El aura y el rezo.
Bernadette y la benedicción,
dieciocho veces consumada.
Que la Divina Virgen apareciera a mujer
tan humilde no fue ignorado por la Iglesia.
Tampoco fue ignorado el hecho de que,
desde el más allá, un brote de agua, acá,
surgiera, limpio, balsámico, y compasivo.
Nació la capilla fluida, ante los tumores de este
mundo,
donde las lágrimas nacen enfermas, y los músculos
caen,
negrísimos, por los caminos amargos, y las paredes
lloran.
Pero en Lourdes hasta las paredes se restablecen,
hasta las piedras y los dioses heridos de muerte.
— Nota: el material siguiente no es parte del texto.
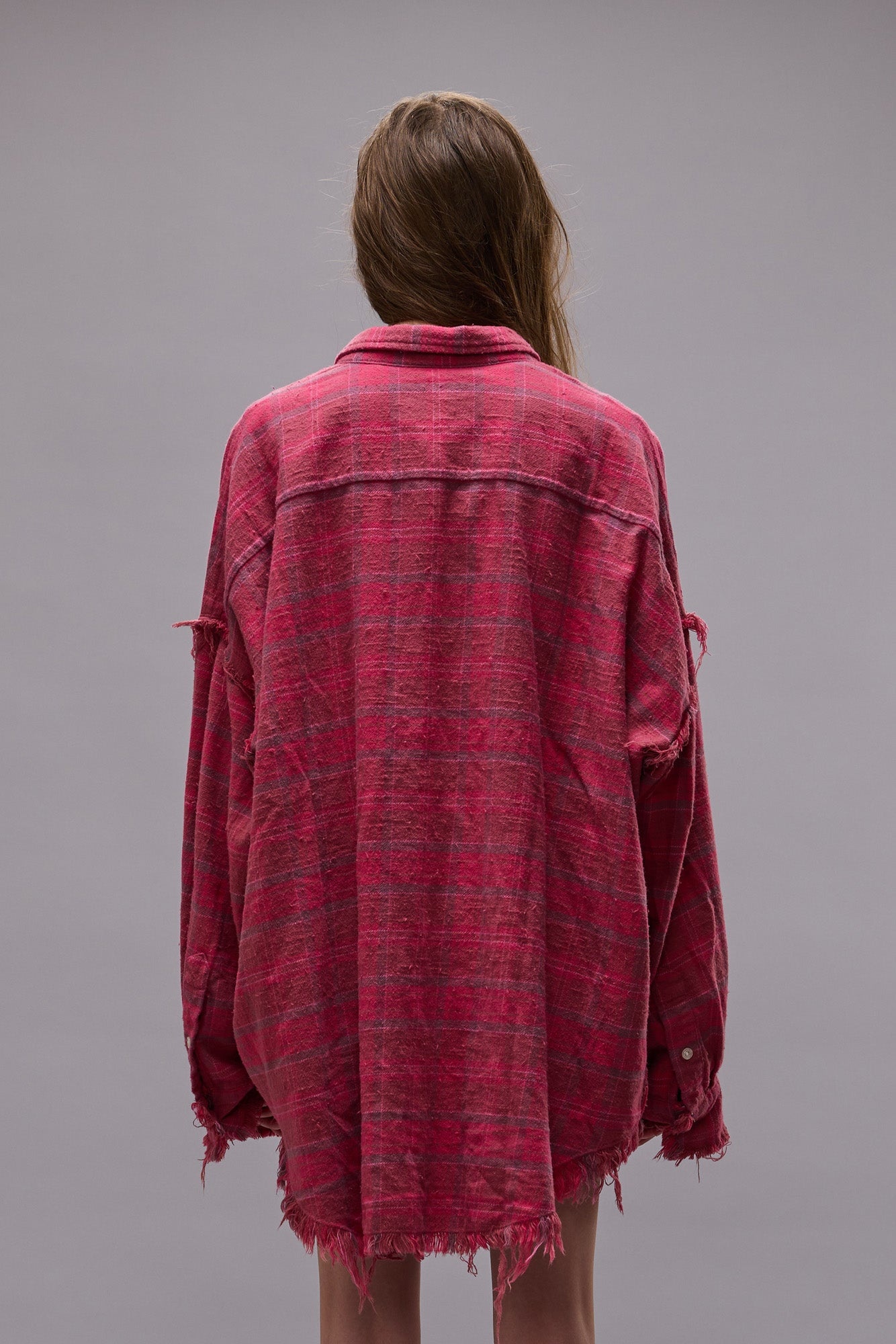 SHREDDED SEAM DROP NECK SHIRT - RASPBERRY OVERDYED PLAID -R13 - 4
Y los seres van con sus vientres tan turgentes,
cancerados, con sus sufrimientos, sus fiebres,
sus patrones malignos, a tomar la medicina.
Cojos y tullidos, beban lo radiante.
Tísicos y sidosos, beban lo sagrado.
Lo inmaculado, lo inconcebible,
beban ustedes, los del alzhéimer,
así encriptado. Sanen invidentes:
vean a ese Dios entre las formas.
¿Quién puede hablar de las misteriosas sinergias que
aquí acontecen?
La fe, la veneración, la procesión incesante, son el síntoma.
Vienen a ver a la señora nívea y celestial, medicinal y celeste.
De su rosario puro, brotan todos los poderes y los milagros,
a este espacio franco y mineral, de humedad y de lamentos,
al cual, cada año, peregrinan millones y millones de personas,
buscando a la Patrona extraordinaria –su fragancia sanadora.